During multi-year flooded periods, semi-permanent pools may support vertebrate predators including bullfrog Lithobates catesbeiana and green frog L. clamitans tadpoles (which need to overwinter before transforming the following year into frogs) (Vasconcelos and Calhoun 2006) and red-spotted newts Notophthalmus viridescens. Also commonly in these pools are large invertebrate predators including some dragonfly nymphs, various water bugs, and water beetle larvae. These predators can prevent most vernal-pool specialists from successfully completing their development. Such predators may be present continuously in semi-permanent pools during multi-year flooded periods, but when they are eliminated periodically by drawdown during low-water years, dormant eggs and cysts of short-hydroperiod vernal-pool species, such as fairy shrimp, may hatch and, released from predation pressure, successfully grow and reproduce. Dan Schneider (1999) has shown that hydroperiod acts as a “filter” controlling the distribution of predators whose presence limits the successful development of some species that appear to be restricted to short-hydroperiod pools but that can survive long-hydroperiod conditions in the absence of predation.
In permanent pools, predaceous fish may become established, and in their absence the presence of amphibian and invertebrate predators can limit the successful growth and development of vernal-pool-dependent amphibians and invertebrates.
Vernal Pools as Wetlands
Vernal pools fall within several categories of wetlands as defined by the US Fish and Wildlife Service (Cowardin et al. 1979) or by the Hydrogeomorphic (HGM) method (U.S. Natural Resources Conservation Service 2008). Some vernal pools support wetland vegetation and are underlain by hydric soils. Hydrophytes may be absent from pools with dense canopy cover, in deep depressions, and/or with long hydroperiods that prevent the establishment of emergent plants. Pools that occur on bedrock or with short annual hydroperiods may not be underlain by typical hydric soils.
Plant Communities
Northeastern vernal pools share many features with seasonal forest pools farther south, and with temporary waters in nonforested regions, but they are different in their general lack of unique plant communities and endemic plant species. If vegetated, they support plant species that are common in other nearby wetlands (Colburn 2004; Cutko and Rawinski 2008). As mentioned above, vernal pools in northeastern North America are of particular conservation interest because of their fauna, especially pool-dependent amphibians and crustaceans, and invertebrate species that are restricted to short-hydroperiod pools.

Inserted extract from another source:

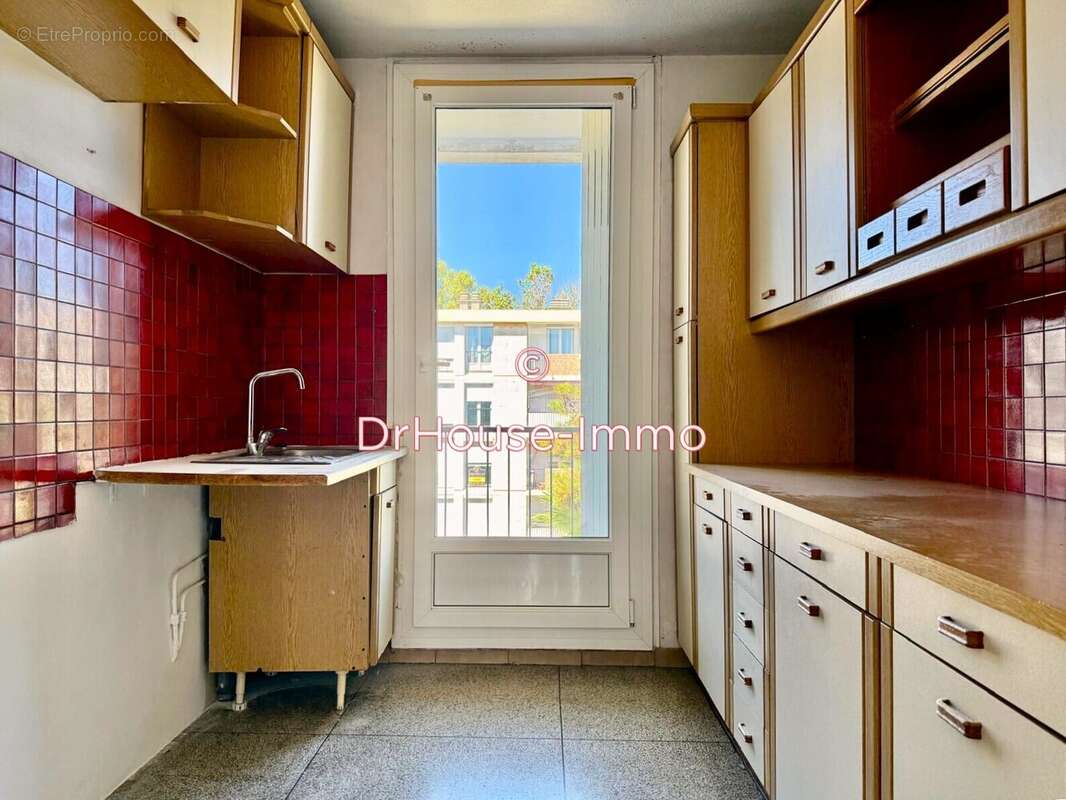 Appartement à SAINT-VICTORET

Detritus and In-Pool Photosynthesis
Occurring as they do in forested contexts, vernal pools receive substantial inputs of fallen leaves each autumn (Fig. 2). Leaf decomposition, nutrient cycling, and the conversion of cellulose into digestible carbohydrates and glycoproteins by aerobic and anaerobic decomposer fungi and bacteria provide abundant food for vernal pool shredders and collector-gatherer feeders and may contribute importantly to forest biogeochemistry (Bärlocher et al. 1978; Capps et al. 2014). Food quality affects the distribution and development of aquatic animals, and caddisfly larvae given choices of detritus from permanent vs. intermittently flooded habitat preferred and grew better with the vernal pool detritus (Richardson and Mackay 1984). Depending on their size and location, vernal pools may receive little or substantial amounts of sunlight, and in-pool photosynthesis may be extensive or very limited. The availability of algae vs. detritus is one of many important variables affecting the relative success of different amphibian species in vernal pools (Skelly et al. 2002).

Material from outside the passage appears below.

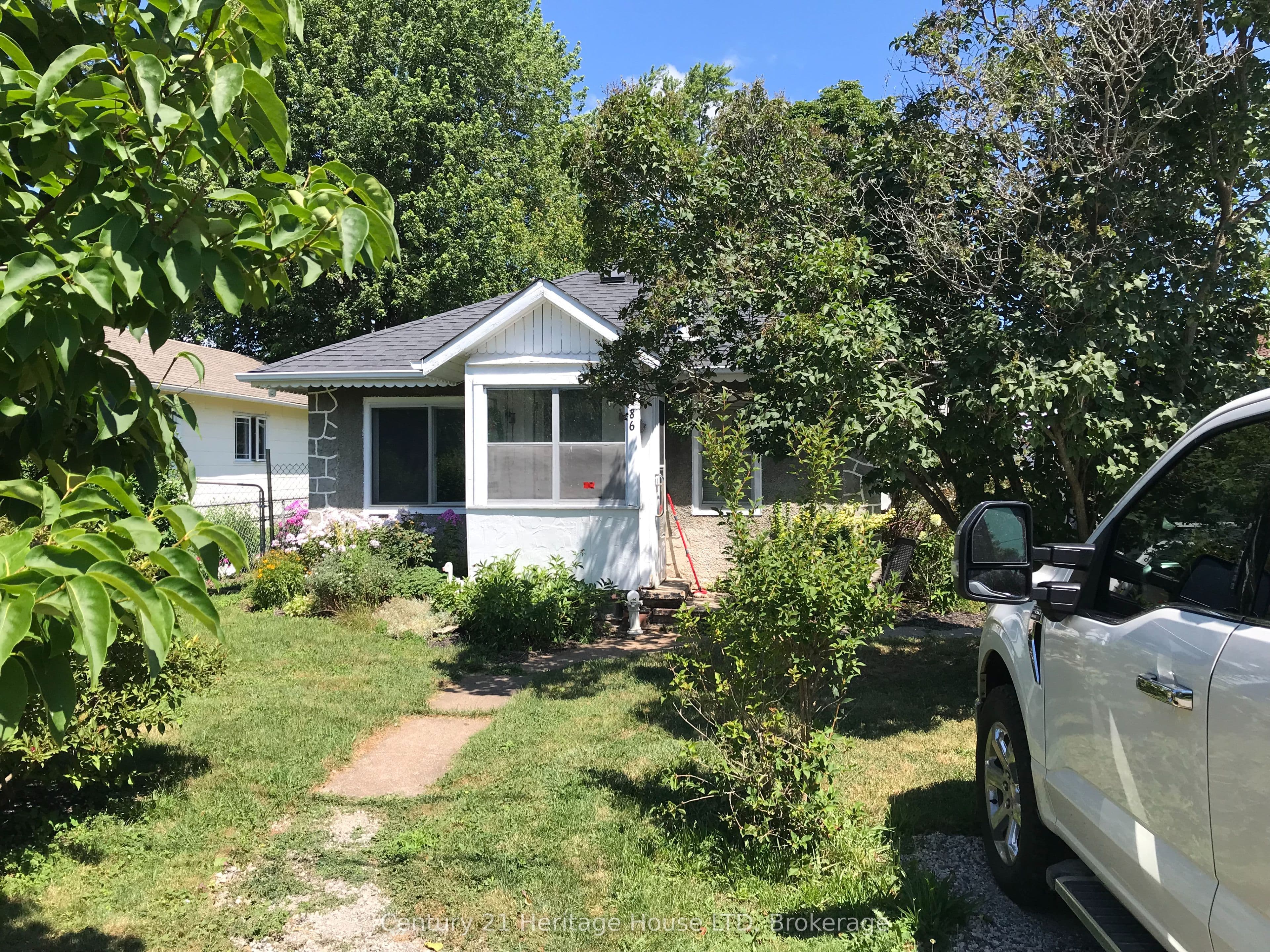 3786 Mathewson Avenue photo 1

(a) Southern New England vernal pool embedded in an oak forest at spring thaw and (b) drying down exposing the detritus layer of fallen leaves and woody material (Photo credit: Kevin J. Ryan © Rights remain with the author)
Amphibians in Vernal Pools
The importance of vernal pools for many amphibian species is central to much of the interest in these small wetlands. Amphibians are important components of local and regional biodiversity, and they are also important agents of energy exchange between forests and vernal pools and between pools and upland forests. Vernal pools are optimal breeding habitats for wood frogs Lithobates sylvaticus and mole salamanders in the genus Ambystoma, including the spotted salamander A. maculatum, marbled salamander A. opacum, small-mouthed salamander A. tremblayi, Eastern tiger salamander A. tigrinum tigrinum, and members of the Jefferson-blue-spotted salamander complex (A. jeffersonianum and A. laterale) – whose closely related species have interbred to form a variety of triploid and tetraploid unisexual hydrids (Brodman 2005). Other amphibians that often breed in vernal pools – usually at the longer-hydroperiod end of the continuum – and also breed widely in other aquatic habitats include American and Fowlers toads (Anaxyrus (formerly Bufo) americanus and A. fowleri), spring peepers Pseudacris crucifer, gray treefrogs (Hyla versicolor and H. chrysoscelis), and, west of the Appalachians, chorus frogs Pseudacris spp. Spadefoot toads Scaphiopus holbrookii breed most commonly in pools that fall along the ephemeral end on the continuum and often retain water for too short a time to support typical vernal pool species assemblages, but they also breed in vernal pools in some locations.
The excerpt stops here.